- _Collected material_
= Beginning of Section =

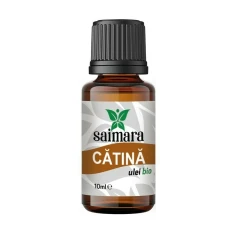 Ulei de Catina Bio, 10ml, Saimara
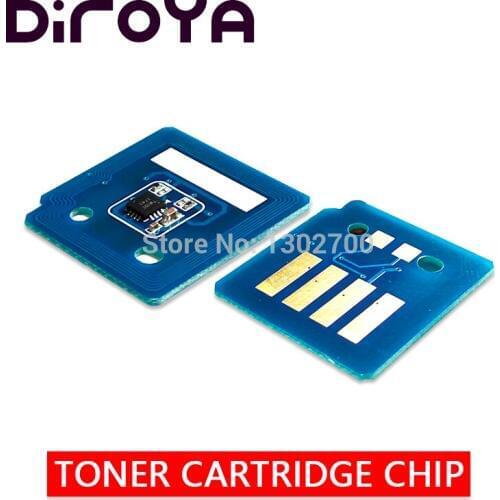 16PCS NA/WEU 106R01439 106R01436 106R01437 106R01438 Toner Cartridge chip For Xerox Phaser 7500 7500DN 7500N laser printer reset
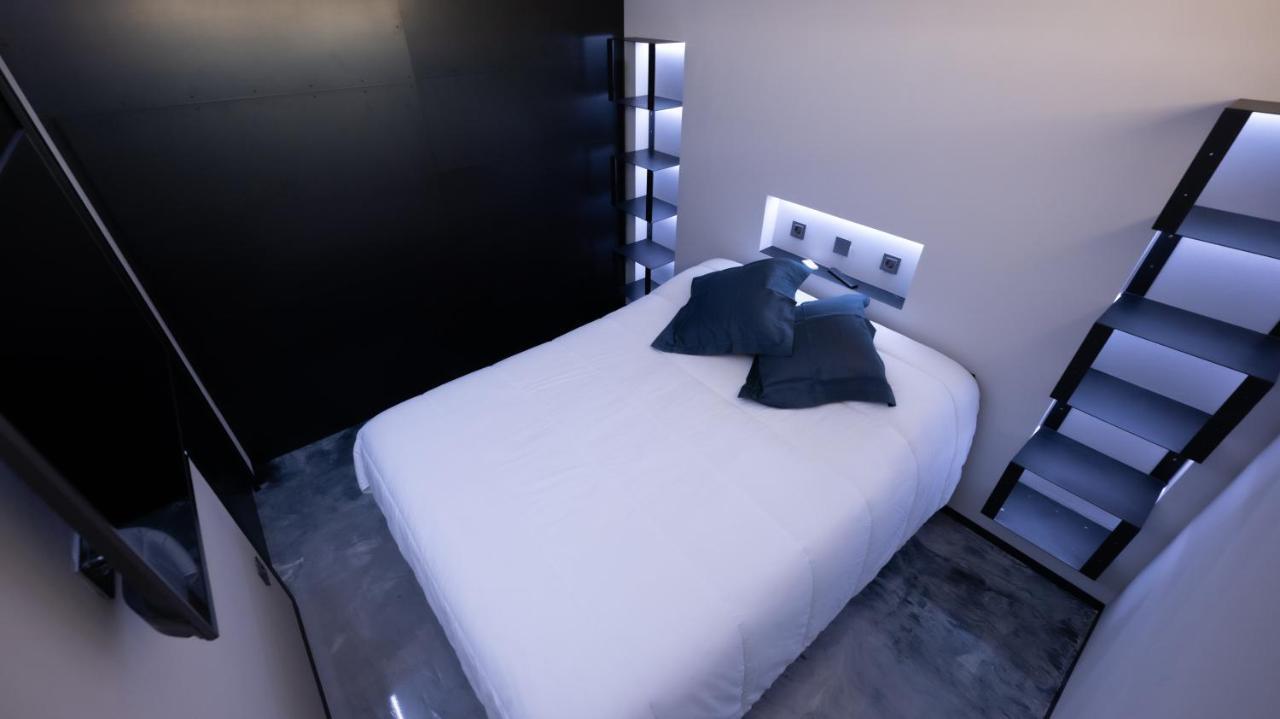La Farola - Luxury Domotic Flat In Puerto Deportivo Daire Marbella Dış mekan fotoğraf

= End of Section =

- _Assigned task_
The answer should consist of every line above, exact and free of images.

- _Answer for this exercise_
 Ulei de Catina Bio, 10ml, Saimara
 16PCS NA/WEU 106R01439 106R01436 106R01437 106R01438 Toner Cartridge chip For Xerox Phaser 7500 7500DN 7500N laser printer reset
La Farola - Luxury Domotic Flat In Puerto Deportivo Daire Marbella Dış mekan fotoğraf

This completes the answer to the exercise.